Aim of the task: Exclude all pictures, then copy each of the records exactly as written.

Information provided:
******************************
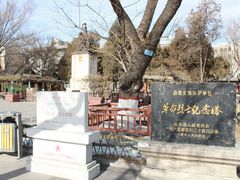 -文瀛公园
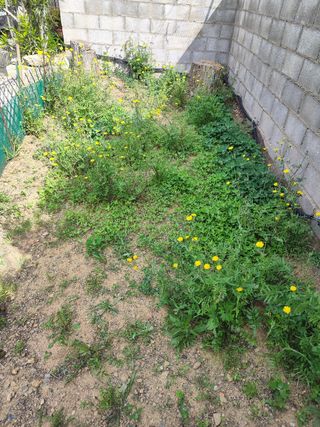 Servicios de jardinería inmediatamente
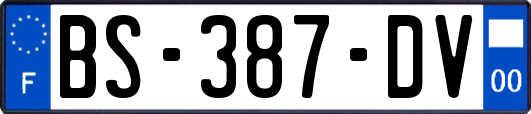 BS-387-DV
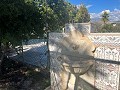 Fabelhaftes Landhaus mit privatem Pool in Alicante Dream Homes Castalla 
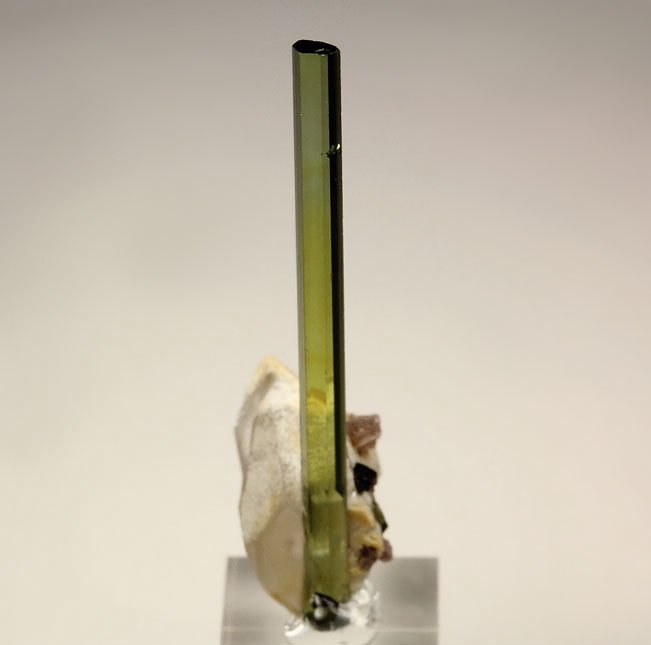 TOURMALINE var. ELBAITE, QUARTZ, LEPIDOLITE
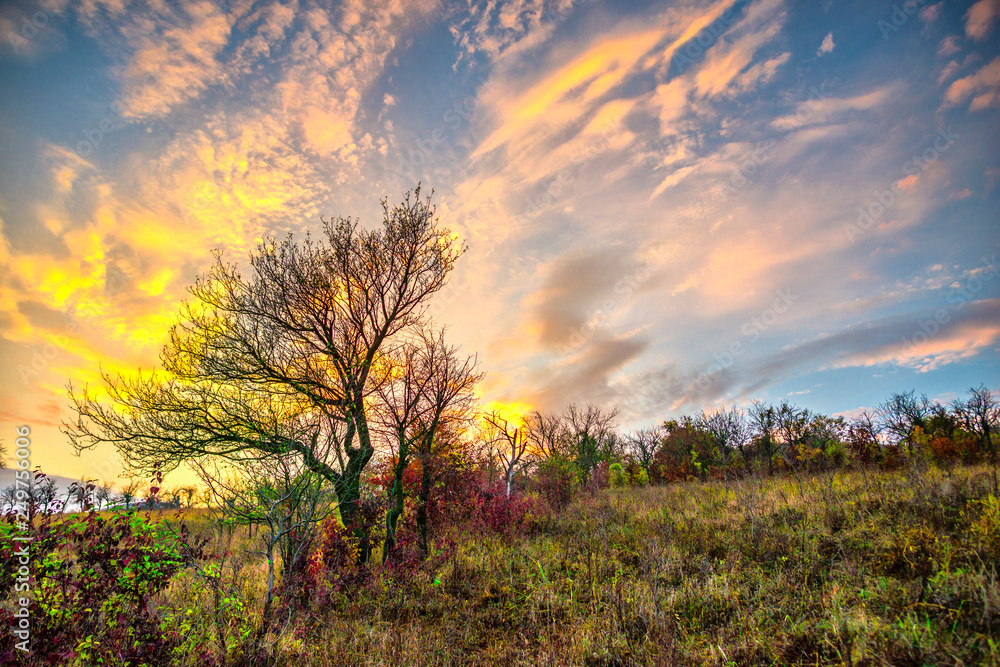 Autumn landscape at the sunset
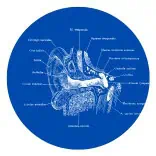 Ear Malformation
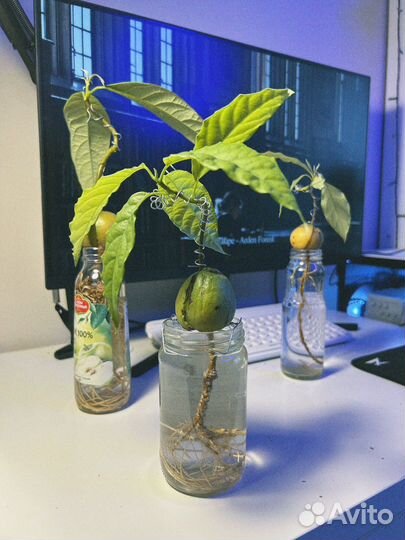 Бонсай авокадо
******************************
Your solution:
 -文瀛公园
 Servicios de jardinería inmediatamente
 BS-387-DV
 Fabelhaftes Landhaus mit privatem Pool in Alicante Dream Homes Castalla 
 TOURMALINE var. ELBAITE, QUARTZ, LEPIDOLITE
 Autumn landscape at the sunset
 Ear Malformation
 Бонсай авокадо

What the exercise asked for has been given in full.